Exact reproduction required: the lines below from the line with "Read more about" to the line with "01/11 Paulo Rufino", both ends included, and no others.

Extracted data entries:
--*--

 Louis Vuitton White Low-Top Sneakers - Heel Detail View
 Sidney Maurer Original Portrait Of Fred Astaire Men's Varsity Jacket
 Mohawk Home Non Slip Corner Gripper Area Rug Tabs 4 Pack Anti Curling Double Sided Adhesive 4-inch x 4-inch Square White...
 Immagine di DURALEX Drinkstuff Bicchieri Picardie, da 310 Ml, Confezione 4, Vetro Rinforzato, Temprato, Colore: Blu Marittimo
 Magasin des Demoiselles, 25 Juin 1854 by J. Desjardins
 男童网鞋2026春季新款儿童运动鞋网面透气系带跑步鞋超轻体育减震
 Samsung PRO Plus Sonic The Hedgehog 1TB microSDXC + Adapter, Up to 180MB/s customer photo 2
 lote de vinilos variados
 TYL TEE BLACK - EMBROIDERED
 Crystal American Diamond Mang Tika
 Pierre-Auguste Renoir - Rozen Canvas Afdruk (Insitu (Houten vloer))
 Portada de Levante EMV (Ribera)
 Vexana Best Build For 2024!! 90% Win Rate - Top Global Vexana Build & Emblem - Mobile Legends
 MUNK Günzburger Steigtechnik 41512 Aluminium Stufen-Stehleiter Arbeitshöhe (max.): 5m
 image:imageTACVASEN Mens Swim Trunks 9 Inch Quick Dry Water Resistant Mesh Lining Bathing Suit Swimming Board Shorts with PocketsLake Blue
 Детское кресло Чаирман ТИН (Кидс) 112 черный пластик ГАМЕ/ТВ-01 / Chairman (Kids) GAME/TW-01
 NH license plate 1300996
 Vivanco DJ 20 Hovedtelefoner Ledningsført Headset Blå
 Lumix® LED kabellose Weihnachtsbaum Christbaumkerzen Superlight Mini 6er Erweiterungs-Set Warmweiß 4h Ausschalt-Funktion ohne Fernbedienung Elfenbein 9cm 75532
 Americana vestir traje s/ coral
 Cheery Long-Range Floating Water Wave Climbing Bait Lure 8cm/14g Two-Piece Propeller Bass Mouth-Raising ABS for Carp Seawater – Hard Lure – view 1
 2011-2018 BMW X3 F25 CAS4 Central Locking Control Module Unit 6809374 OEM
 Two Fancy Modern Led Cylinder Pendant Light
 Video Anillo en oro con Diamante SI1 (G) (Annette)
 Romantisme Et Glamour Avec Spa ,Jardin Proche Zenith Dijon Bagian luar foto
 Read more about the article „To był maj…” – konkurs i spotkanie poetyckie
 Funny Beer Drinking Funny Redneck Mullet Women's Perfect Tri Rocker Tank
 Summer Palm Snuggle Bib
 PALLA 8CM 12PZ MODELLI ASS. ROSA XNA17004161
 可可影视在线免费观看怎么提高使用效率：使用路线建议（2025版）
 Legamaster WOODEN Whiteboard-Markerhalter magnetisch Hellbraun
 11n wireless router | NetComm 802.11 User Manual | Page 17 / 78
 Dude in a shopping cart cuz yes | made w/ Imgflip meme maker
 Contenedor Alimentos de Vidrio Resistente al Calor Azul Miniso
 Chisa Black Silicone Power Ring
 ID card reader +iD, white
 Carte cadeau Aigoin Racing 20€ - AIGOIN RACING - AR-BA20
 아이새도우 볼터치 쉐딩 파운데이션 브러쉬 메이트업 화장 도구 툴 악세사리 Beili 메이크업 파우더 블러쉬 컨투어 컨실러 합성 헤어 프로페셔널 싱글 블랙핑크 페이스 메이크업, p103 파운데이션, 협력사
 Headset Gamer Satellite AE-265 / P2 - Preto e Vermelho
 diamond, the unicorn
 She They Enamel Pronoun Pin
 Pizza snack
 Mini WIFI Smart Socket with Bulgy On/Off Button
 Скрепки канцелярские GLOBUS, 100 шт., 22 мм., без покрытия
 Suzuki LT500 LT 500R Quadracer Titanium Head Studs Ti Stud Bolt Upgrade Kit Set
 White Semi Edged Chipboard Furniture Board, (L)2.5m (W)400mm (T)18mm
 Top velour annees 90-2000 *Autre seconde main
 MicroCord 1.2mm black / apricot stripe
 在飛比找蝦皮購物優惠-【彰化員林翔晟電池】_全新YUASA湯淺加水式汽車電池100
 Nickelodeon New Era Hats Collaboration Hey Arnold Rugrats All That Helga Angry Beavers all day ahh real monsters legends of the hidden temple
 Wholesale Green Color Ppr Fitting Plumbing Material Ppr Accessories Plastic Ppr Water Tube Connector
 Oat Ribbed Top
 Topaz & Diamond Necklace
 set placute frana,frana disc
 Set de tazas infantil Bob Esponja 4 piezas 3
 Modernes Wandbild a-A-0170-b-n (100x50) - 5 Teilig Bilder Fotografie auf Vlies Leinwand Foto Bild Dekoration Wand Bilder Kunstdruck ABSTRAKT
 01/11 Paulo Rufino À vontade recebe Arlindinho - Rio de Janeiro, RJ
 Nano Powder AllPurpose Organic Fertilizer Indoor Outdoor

--*--

### Completed exercise
 Read more about the article „To był maj…” – konkurs i spotkanie poetyckie
 Funny Beer Drinking Funny Redneck Mullet Women's Perfect Tri Rocker Tank
 Summer Palm Snuggle Bib
 PALLA 8CM 12PZ MODELLI ASS. ROSA XNA17004161
 可可影视在线免费观看怎么提高使用效率：使用路线建议（2025版）
 Legamaster WOODEN Whiteboard-Markerhalter magnetisch Hellbraun
 11n wireless router | NetComm 802.11 User Manual | Page 17 / 78
 Dude in a shopping cart cuz yes | made w/ Imgflip meme maker
 Contenedor Alimentos de Vidrio Resistente al Calor Azul Miniso
 Chisa Black Silicone Power Ring
 ID card reader +iD, white
 Carte cadeau Aigoin Racing 20€ - AIGOIN RACING - AR-BA20
 아이새도우 볼터치 쉐딩 파운데이션 브러쉬 메이트업 화장 도구 툴 악세사리 Beili 메이크업 파우더 블러쉬 컨투어 컨실러 합성 헤어 프로페셔널 싱글 블랙핑크 페이스 메이크업, p103 파운데이션, 협력사
 Headset Gamer Satellite AE-265 / P2 - Preto e Vermelho
 diamond, the unicorn
 She They Enamel Pronoun Pin
 Pizza snack
 Mini WIFI Smart Socket with Bulgy On/Off Button
 Скрепки канцелярские GLOBUS, 100 шт., 22 мм., без покрытия
 Suzuki LT500 LT 500R Quadracer Titanium Head Studs Ti Stud Bolt Upgrade Kit Set
 White Semi Edged Chipboard Furniture Board, (L)2.5m (W)400mm (T)18mm
 Top velour annees 90-2000 *Autre seconde main
 MicroCord 1.2mm black / apricot stripe
 在飛比找蝦皮購物優惠-【彰化員林翔晟電池】_全新YUASA湯淺加水式汽車電池100
 Nickelodeon New Era Hats Collaboration Hey Arnold Rugrats All That Helga Angry Beavers all day ahh real monsters legends of the hidden temple
 Wholesale Green Color Ppr Fitting Plumbing Material Ppr Accessories Plastic Ppr Water Tube Connector
 Oat Ribbed Top
 Topaz & Diamond Necklace
 set placute frana,frana disc
 Set de tazas infantil Bob Esponja 4 piezas 3
 Modernes Wandbild a-A-0170-b-n (100x50) - 5 Teilig Bilder Fotografie auf Vlies Leinwand Foto Bild Dekoration Wand Bilder Kunstdruck ABSTRAKT
 01/11 Paulo Rufino À vontade recebe Arlindinho - Rio de Janeiro, RJ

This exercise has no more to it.